The total value of bank frauds more than doubled in 2019-20. Total cases of frauds have increased 159% by value to Rs 1.85 lakh crore, compared to Rs 71,543 crore in 2018-19.
Similarly, the frauds increased 28% by volume to 8,707 cases in 2019-20, compared to 6,799 instances in the previous year, as per data released by Reserve Bank of India (RBI) in its annual report. However, the banks have shown a decline of 32% year-on-year (y-o-y) in the total value of frauds during June quarter of the current financial year. The data released by RBI only includes frauds of Rs 1 lakh and above.
If an account is declared as fraud, banks need to set aside 100% of the outstanding loans as provisions, either in one go or spread over four quarters, according to RBI. According to data shared by the central bank, 80% of the total value of frauds were reported by public sector banks, followed by private sector banks at 18.4% during 2019-20.
RBI said that frauds have been predominantly occurring in the loan portfolio, both in terms of volume and value.
“There was a concentration of large value frauds, with the top fifty credit-related frauds constituting 76% of the total amount reported as frauds during 2019-20,” RBI said.
The central bank highlighted the delay in the early detection of frauds.
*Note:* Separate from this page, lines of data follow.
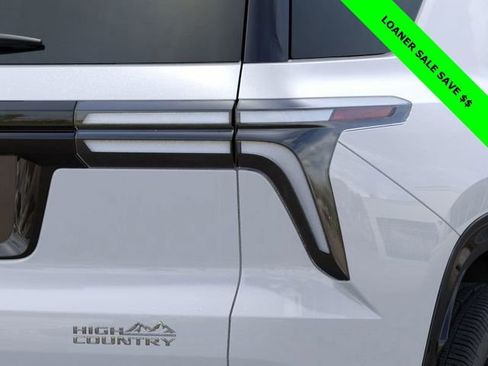 New 2026 Chevrolet Traverse High Country image 11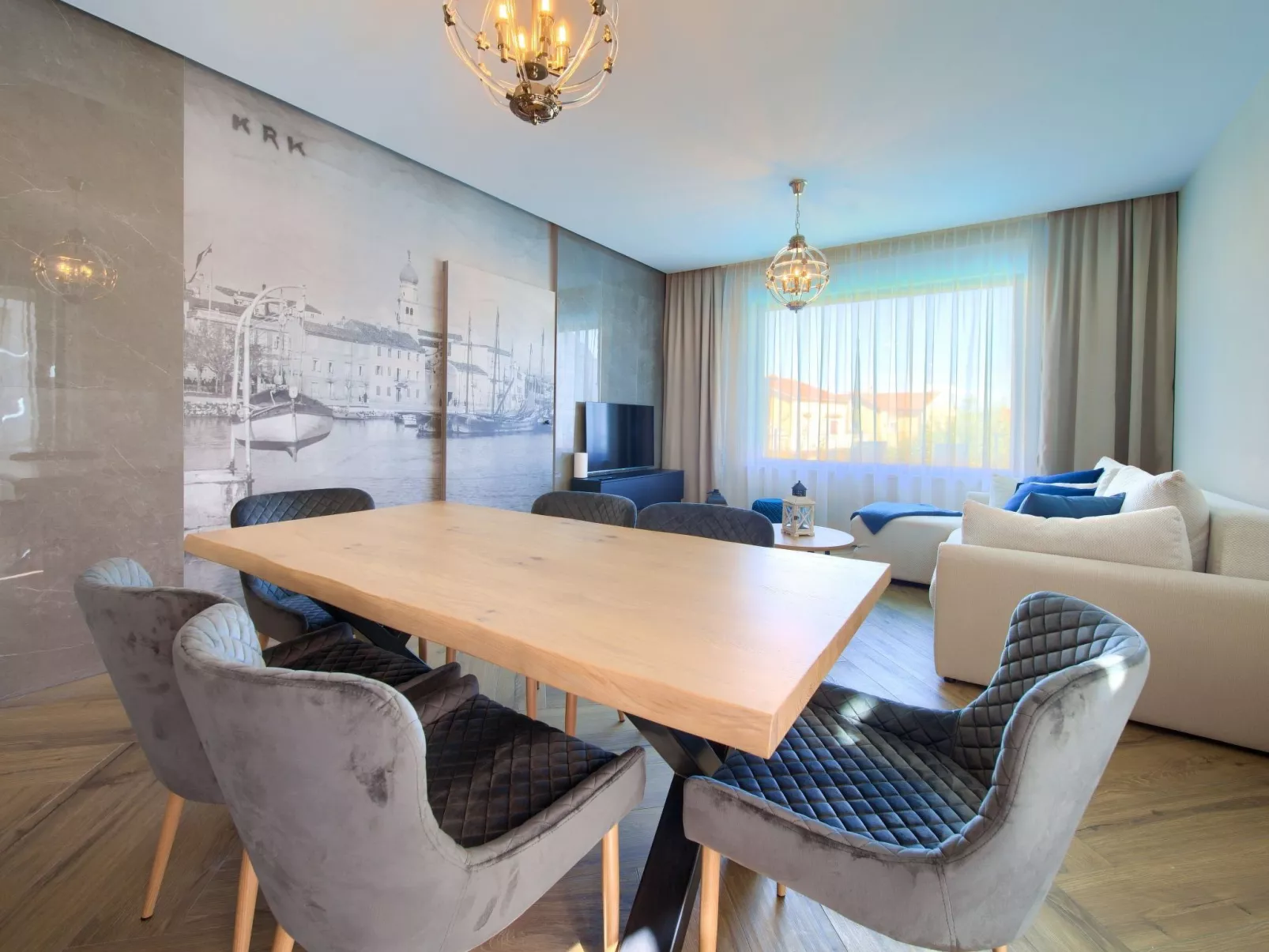 "Lana" mit Schwimmbad - Image-tags.info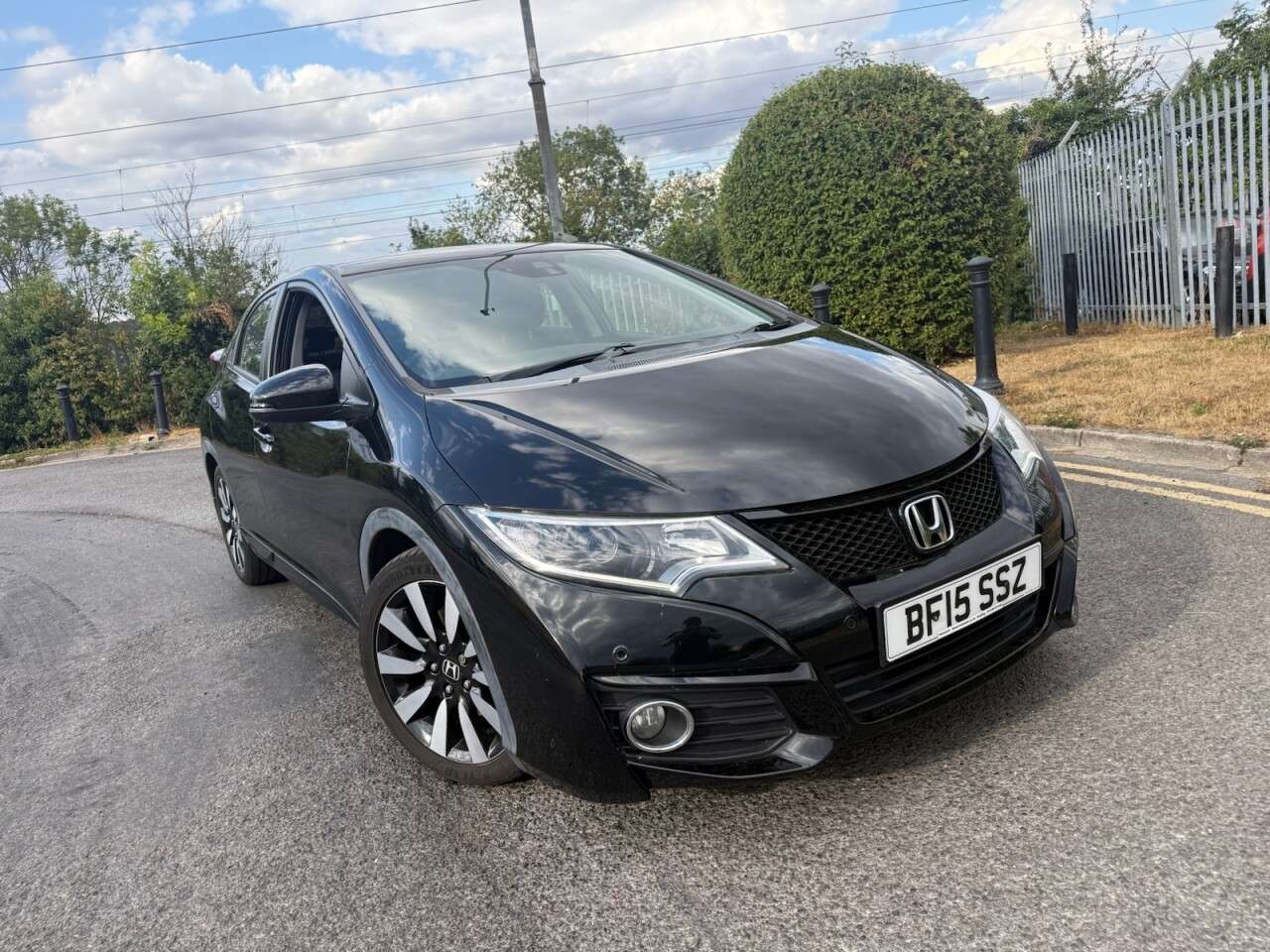 A 2015 HONDA CIVIC 1.4 i-VTEC SE Plus Hatchback 5dr Petrol Manual Euro 6 (s/s) (100 ps) Euro 6 A 2015 HONDA CIVIC 1.4 i-VTEC SE Plus Hatchback 5dr Petrol Manual Euro 6 (s/s) (100 ps) Euro 6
The average lag between the date of occurrence of frauds and their detection was 24 months during 2019-20. In large frauds of Rs 100 crore and above, however, the average lag was 63 months. The regulator gave various reasons for delay in recognising fraud.
“The weak implementation of early warning signals (EWS) by banks, non-detection of EWS during internal audits, non-cooperation of borrowers during forensic audits, inconclusive audit reports and lack of decision making in joint lenders’ meetings account for delay in detection of frauds,” RBI said.
The regulator is set to conduct a study on a few large frauds to recognise the reason behind delay in identifying these frauds.
According to RBI, the EWS mechanism is getting revamped alongside strengthening of concurrent audit function, with timely and conclusive forensic audits of borrower accounts under scrutiny. The regulator had set up the advisory board for banking frauds (ABBF) in consultation with the central vigilance commission (CVC).
The banks have however, seen a decline in the number of reported frauds in the June quarter of current financial year. The total value involved in frauds during June quarter declined 32% year-on-year (y-o-y) at Rs 28,843 crore, compared to Rs 42,228 crore in the April-June period of 2019.